**Work to complete:** The pictures get left out, but everything else in the listing below must be duplicated exactly.

**Supplied data:**
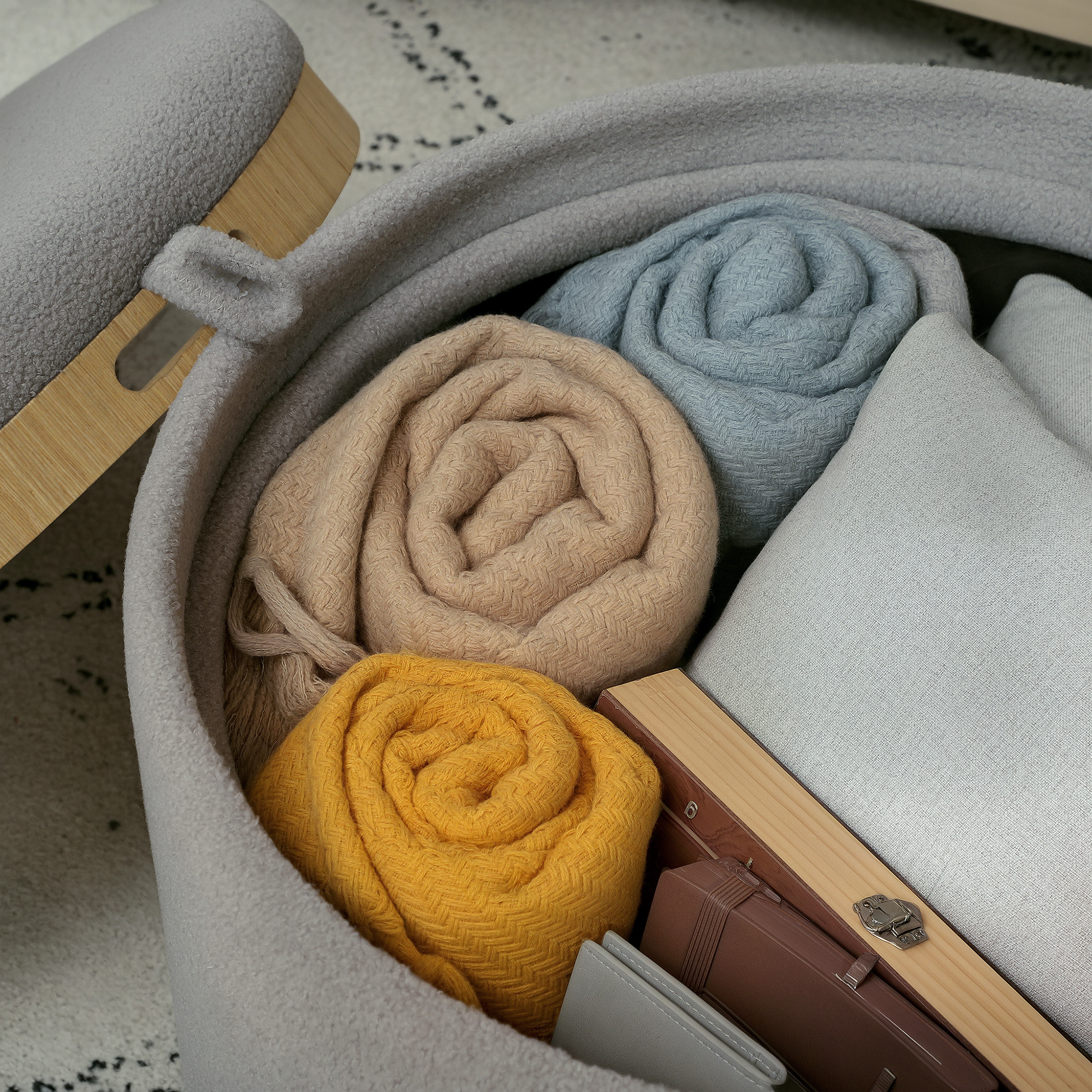 Hocker Polsterhocker, Teddyfleece, versteckter Stauraum, umkehrbarer Deckel, 56 cm x 56 cm x 42 cm, Grau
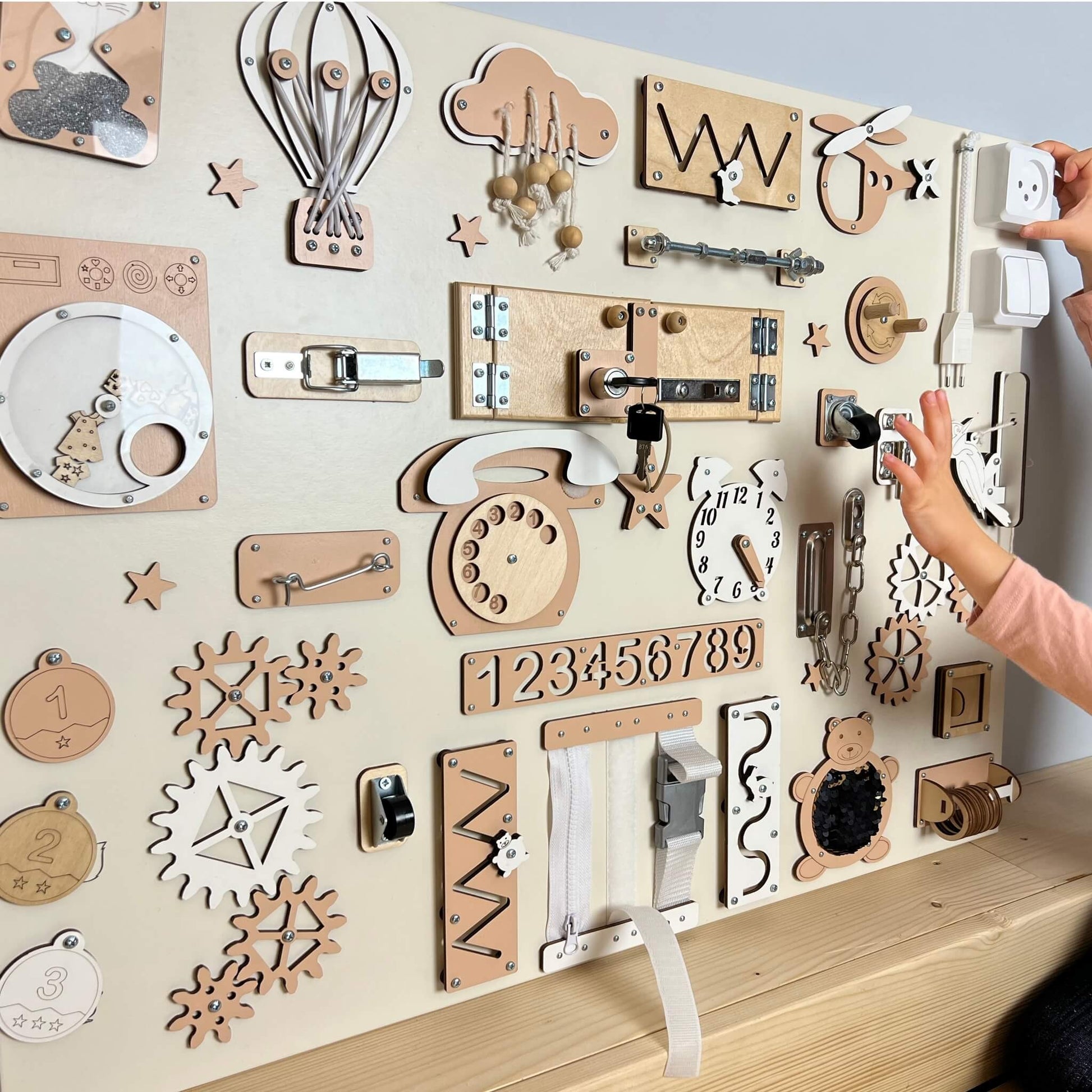 Extra large Montessori busy board with activities (60×80 cm)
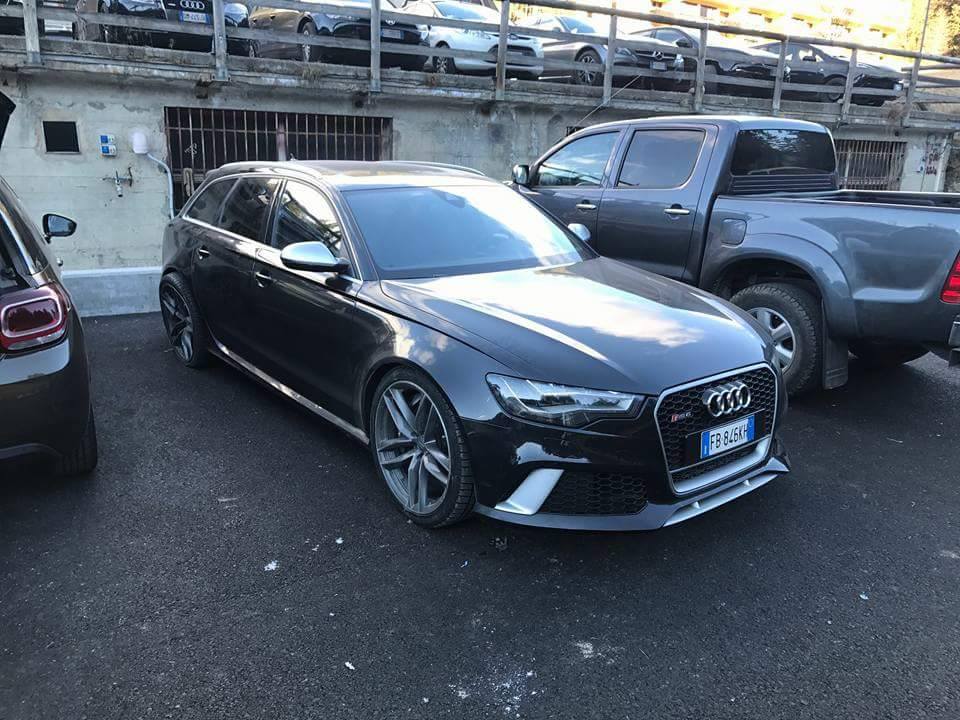 車體右側完好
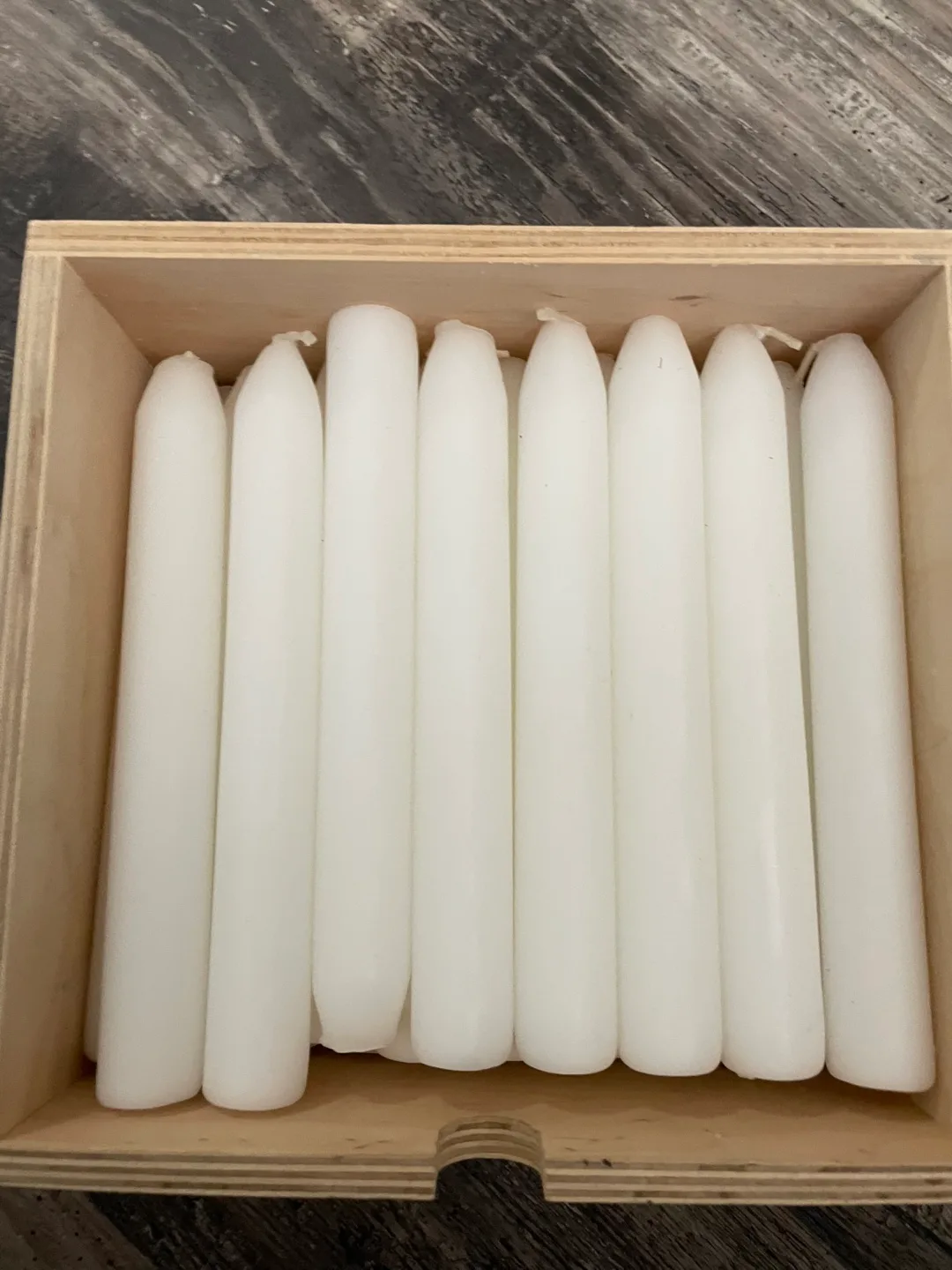 Single wick white candles thumbnail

**Response:**
 Hocker Polsterhocker, Teddyfleece, versteckter Stauraum, umkehrbarer Deckel, 56 cm x 56 cm x 42 cm, Grau
 Extra large Montessori busy board with activities (60×80 cm)
 車體右側完好
 Single wick white candles thumbnail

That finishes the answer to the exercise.